The price premium consumers are willing to pay for attributes like organic must be inferred using advertised-price data from the USDA’s Agricultural Marketing Service, Dennis said.  Actual consumer purchase behavior is available through scanner data collected by private companies but generally is cost prohibitive.

While data on advertised prices do not provide a signal on the quantity of meat product purchased, it does provide some signal on what retailers believe is the profit maximizing price for select cuts, he said.

Since December 2018, the AMS has collected advertised meat prices, generally on a weekly basis.  Also collected are whether the product is conventional, local, organic, local/organic and the number of stores that advertised the product.

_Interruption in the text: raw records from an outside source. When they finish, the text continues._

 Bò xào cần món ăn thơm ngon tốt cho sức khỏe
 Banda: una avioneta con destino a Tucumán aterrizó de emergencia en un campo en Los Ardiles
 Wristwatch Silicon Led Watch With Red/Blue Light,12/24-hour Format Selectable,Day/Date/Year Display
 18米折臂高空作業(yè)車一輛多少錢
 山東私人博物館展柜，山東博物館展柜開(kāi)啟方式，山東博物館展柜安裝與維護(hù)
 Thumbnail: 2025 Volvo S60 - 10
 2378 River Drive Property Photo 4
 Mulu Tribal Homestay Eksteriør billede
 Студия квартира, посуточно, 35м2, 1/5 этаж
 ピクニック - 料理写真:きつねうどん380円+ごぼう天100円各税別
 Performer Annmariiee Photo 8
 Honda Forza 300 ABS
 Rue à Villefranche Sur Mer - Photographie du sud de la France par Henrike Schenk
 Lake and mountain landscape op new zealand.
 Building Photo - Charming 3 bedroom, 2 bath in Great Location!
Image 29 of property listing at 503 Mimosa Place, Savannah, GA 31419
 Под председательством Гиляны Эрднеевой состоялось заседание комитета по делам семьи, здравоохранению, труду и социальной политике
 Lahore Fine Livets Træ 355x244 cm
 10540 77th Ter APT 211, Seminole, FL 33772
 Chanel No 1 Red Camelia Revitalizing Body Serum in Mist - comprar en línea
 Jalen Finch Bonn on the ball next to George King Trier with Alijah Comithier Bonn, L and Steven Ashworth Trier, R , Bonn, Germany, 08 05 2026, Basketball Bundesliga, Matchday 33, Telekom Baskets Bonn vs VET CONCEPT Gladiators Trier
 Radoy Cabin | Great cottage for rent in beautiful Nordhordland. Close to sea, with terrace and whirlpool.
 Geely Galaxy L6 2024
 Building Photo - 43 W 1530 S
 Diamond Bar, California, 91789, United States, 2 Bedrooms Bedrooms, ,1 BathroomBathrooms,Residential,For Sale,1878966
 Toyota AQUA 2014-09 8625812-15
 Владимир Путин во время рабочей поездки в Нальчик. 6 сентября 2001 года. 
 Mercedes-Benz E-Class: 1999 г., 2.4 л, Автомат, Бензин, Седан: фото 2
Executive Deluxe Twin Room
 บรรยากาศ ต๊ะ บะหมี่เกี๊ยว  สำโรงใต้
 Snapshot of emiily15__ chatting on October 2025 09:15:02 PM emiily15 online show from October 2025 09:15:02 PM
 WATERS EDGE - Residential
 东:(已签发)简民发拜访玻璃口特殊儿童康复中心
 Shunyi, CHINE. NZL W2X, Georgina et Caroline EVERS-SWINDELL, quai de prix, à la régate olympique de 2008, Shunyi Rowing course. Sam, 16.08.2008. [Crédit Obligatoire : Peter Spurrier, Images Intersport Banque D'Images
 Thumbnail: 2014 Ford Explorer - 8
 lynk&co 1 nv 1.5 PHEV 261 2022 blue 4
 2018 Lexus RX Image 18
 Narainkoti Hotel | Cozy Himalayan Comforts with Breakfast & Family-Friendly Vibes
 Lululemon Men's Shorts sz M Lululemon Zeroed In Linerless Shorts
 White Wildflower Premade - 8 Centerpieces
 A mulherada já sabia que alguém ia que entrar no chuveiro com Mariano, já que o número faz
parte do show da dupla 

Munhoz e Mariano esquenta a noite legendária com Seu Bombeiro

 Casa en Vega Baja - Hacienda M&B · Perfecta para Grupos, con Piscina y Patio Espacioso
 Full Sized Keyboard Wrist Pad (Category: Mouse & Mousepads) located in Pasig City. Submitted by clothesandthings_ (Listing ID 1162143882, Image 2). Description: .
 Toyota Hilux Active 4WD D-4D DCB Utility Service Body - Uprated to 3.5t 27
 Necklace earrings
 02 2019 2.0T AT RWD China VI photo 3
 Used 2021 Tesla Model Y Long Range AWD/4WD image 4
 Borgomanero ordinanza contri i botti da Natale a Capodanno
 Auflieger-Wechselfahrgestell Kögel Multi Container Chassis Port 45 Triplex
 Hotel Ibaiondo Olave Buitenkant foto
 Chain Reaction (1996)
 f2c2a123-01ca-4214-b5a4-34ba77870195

To avoid inferring a specific local price premium for a national price premium he dropped local price premiums and focused on organic price premiums, he said.  Thus, using advertised meat prices, organic price premiums can be deduced.

 

A FEW CAVEATS

 

There are a few caveats to an analysis like this, Dennis said.

First, promoted products change weekly, so not every product has organic and conventional products advertised each week causing large amounts of missing data.  Premiums can only be compared within weeks when both the conventional and organic products are advertised.

Few matches provide a “weak,” unreliable, price signal, he said.  Thus, he limited his analysis to beef, pork and chicken sub-products where there were at least 10 stores reporting a price and where the price was reported in at least 10 weeks.

Second, seasonality in meat prices most likely is present but he ignored this and averaged across weeks given that the data spans from December 2018 to January 2020 and is not consistently reported each week.

Third, the quality grade of the beef products was not reported and thus not included in the analysis potentially downward biasing the premiums for beef.

 

CATTLE, BEEF RECAP

 

Cash cattle trading was reported in the western Corn Belt Wednesday at $192 to $193 per cwt on a dressed basis, down $2 from last week.  No live-basis trades were reported but took place last week at $122 to $122.50 per cwt, down $1 to $4.50.

The USDA choice cutout Wednesday was down $0.21 per cwt at $210.72, while select was up $0.43 at $207.94.  The choice/select spread narrowed to $2.78 from $3.42 with 92 loads of fabricated product sold into the spot market.

The CME Feeder Cattle index for the seven days ended Tuesday was $141.43 per cwt, down $0.31.  This compares with Wednesday’s Mar contract settlement of $135.67, down $1.82.